Chronique

Peter Jacquemyn & Evan Parker

Marsyas Suite

Evan Parker (as, ts), Peter Jacquemyn (b, voc, objets)

Label / Distribution : El Negocito Records

Marsyas est une sorte de martyr de la mythologie grecque. Satyre musicien qui récupéra l’aulos d’Athéna et se mit à en jouer tel un dieu. C’était avant de défier la lyre d’Apollon, ce qui demeurera sans doute comme la première battle de l’histoire de la musique, et de finir écorché vif et pendu à la pinède puisqu’il est acquis que les dieux n’ont pas d’humour. C’est une scène statufiée qu’on peut admirer au Louvre, dans la collection des antiquités. Mais que reste-t-il de la musique ? De cette âpre bataille entre les anches et les cordes ? Comment la faire revivre ? C’est à toutes ces questions que tentent de répondre le saxophoniste Evan Parker et le contrebassiste Peter Jacquemyn dans cette Marsyas Suite enregistré à Bruges en 2012 et que le jeune label belge El Negocito Records a publié récemment.

Evans et Jaquemyn ne sont pas des dieux, certes, mais les forces en présence ont quelque chose de démiurgique. En six parties plus ou moins longues, l’Anglais et le Belge refont le match. C’est un propos qui fait confiance à l’instant et à l’instinct, mais chaque rôle est bien distribué. Pour incarner Marsyas, hâbleur et insatiable, Evans est parfait. Jamais il ne cherche un second souffle. Il joue à flot continu, que ce soit dans son étourdissant solo (« Marsyas Suite II ») ou lorsqu’il place des petites attaques incessantes, piquantes et parfois goguenardes (« Marsyas Suite III »). Quant à Peter Jacquemyn, qui d’autre pouvait incarner la vigueur incommensurable d’Apollon ? Les structures de l’improvisation vacillent sous les coups de son jeu physique. Qu’il joue à l’archet ou qu’il claque ses cordes sur divers objets, on a la sensation que l’instrument est enserré dans des mains de géant (« Marsyas Suite V »). La force ou l’agilité. La puissance ou la défiance… C’est la lutte qui s’exerce au fil de cet album.

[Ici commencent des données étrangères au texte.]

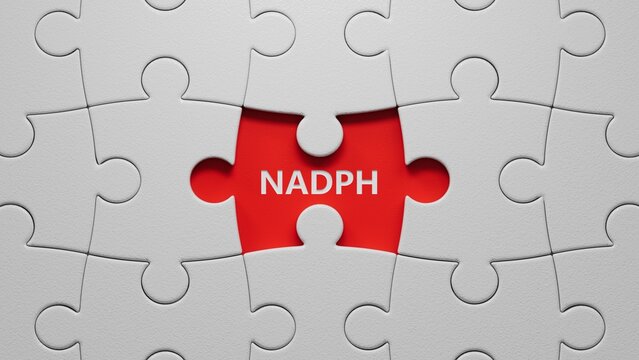 The word NADPH is written on puzzle pieces with missing pieces. Medical concept.close up of puzzle pieces with missing pieces,Business Concept.3D rendering.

Lorsque Jacquemyn harmonise sa contrebasse avec son chant de gorge profond et forcément mystique, on comprend que se rejoue sous nos yeux la défaite de Marsyas. Mais c’est une déroute superbe et disputée, où Peter Evans ne fait que crier son absolue liberté. Le duo ne se défie pas réellement d’ailleurs ; ce n’est pas du catch surjoué, c’est une certitude que la musique rapproche plutôt qu’elle ne divise. Il y a de la concorde dans cet affrontement rugueux mais plein de respect. Si dans la mythologie, Apollon l’emporte toujours sur Marsyas, ne nous leurrons pas : Evan Parker est du genre à vendre chèrement sa peau. Une belle rencontre documentée par un label à suivre.